Guy Heitz, la tradition du « sucré salé »

Guy Heitz

Guy Heitz

« Nous faisons de la résistance ». Les recettes traditionnelles sont bien cultivées ici, à la pâtisserie Heitz installée sur la Grand’Rue. Les chocolats maison se déclinent en assortiments de 25 sortes de ballotins. Le kougelhopf d’Alsace y prend ses aises et le gâteau de l’Oncle Hansi rend hommage au plus célèbre imagier de l’Alsace. Le caramel au beurre et au marc de gewürz exploite le cru emblématique de la région, les œufs de cigogne fourrés au pralin sont une invite à croquer sans modération et l’on doit à l’imagination sans borne du chef une chope de bière en chocolat à la fleur de bière.

Le Sandhaas (« lièvre de sable »), héros aux longues oreilles de la période de Pâques, remporte les suffrages des enfants. « Il est vif et dynamique », précise Guy Heitz. Son surnom viendrait sans doute de ce que le sol de la forêt de Haguenau est très sableux. Dans la vitrine, on remarque aussi l’écusson de la ville de Haguenau qui vient de fêter ses 900 années d’histoire impériale.

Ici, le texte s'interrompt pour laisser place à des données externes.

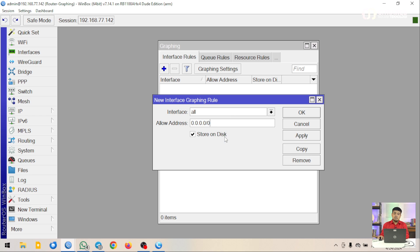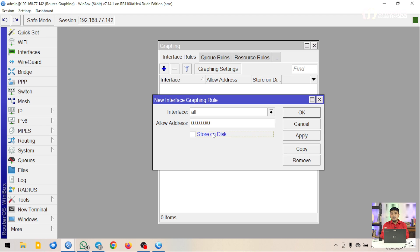Di bawahnya ada Store on Disk. Ini berarti graphing akan menyimpan recordnya di internal storage router. Jika checklist ini tidak diaktifkan, data akan tersimpan di RAM saja, sehingga ketika router di-reboot maka hasil graphing akan hilang. Kalau Store on Disk dicentang, data akan tersimpan di disk atau storage internal router. Kalau sudah, klik OK.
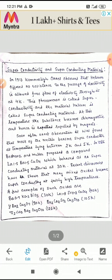Soon after Onnes's observation, it was found that most metals become superconductors at temperatures lying between 2 Kelvin and 5 Kelvin. In 1986, Bednorz and Müller prepared a compound lanthanum 1.5 barium 1.5 copper oxide (La₁.₅Ba₁.₅CuO₄), which behaves as a superconducting material at 30 Kelvin — which is a very high temperature.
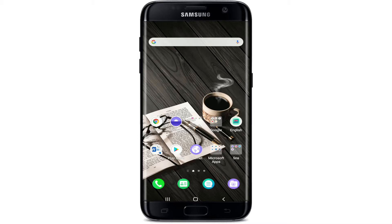Hi everyone, welcome back to Web Tech Tutorial. Today we're going to learn how to log into Capital One. Capital One Financial Corporation is an American bank holding company specializing in credit cards, auto loans, banking, and saving accounts.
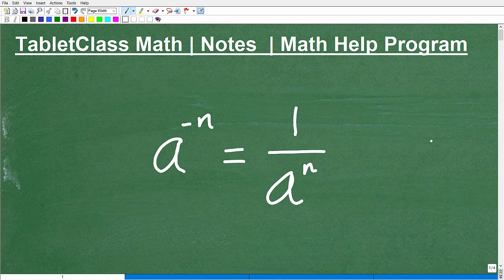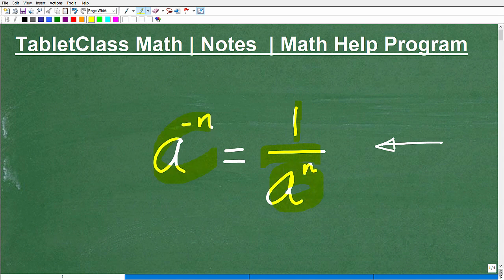Let's talk about how to deal with negative exponents. When you're dealing with negative exponents in algebra, this would be an example: a to the negative n. You need to know this particular rule. So a to the negative n is equal to 1 over a to the n.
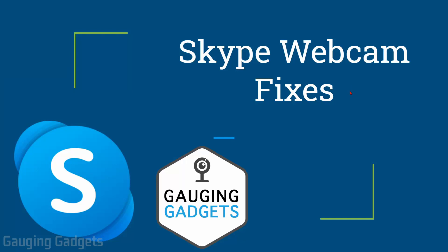Hey guys, welcome to another Gauging Gadgets Skype tutorial video. In this video I'm going to show you how to fix any webcam issues you're having in Skype. This can be very useful if your webcam is not working correctly or not working at all when you try to use it with Skype.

Les innovations sont déclinées au gré des saisons : truffettes à la fleur de bière ou au curry, carré blanc (un chocolat dit « coquin ») et même un « chocolat au géranium ». Alsace oblige.

Confiseurs sur quatre générations

Photo Nis & For

© Photo Nis & For

Le métier commence à rentrer, chez les Heitz, dès avant la guerre de 1914. La première génération fait ses armes dans la confiserie en vendant des bonbons à la menthe en rouleaux sur les marchés, en gros ou en faisant du porte-à-porte. La fin de la guerre voit en 1918 la création d’un salon de thé Heitz.

L’entreprise se poursuit avec Gustave Heitz, maître boulanger et pâtissier, pour être relayé, après son décès en 1955, par son épouse Jeanne qui crée un magasin spécialisé en dragées. Georges, troisième génération, fils de Jeanne et de Gustave, reprend l’affaire avec son épouse et entreprend la création d’une importante confiserie en 1992.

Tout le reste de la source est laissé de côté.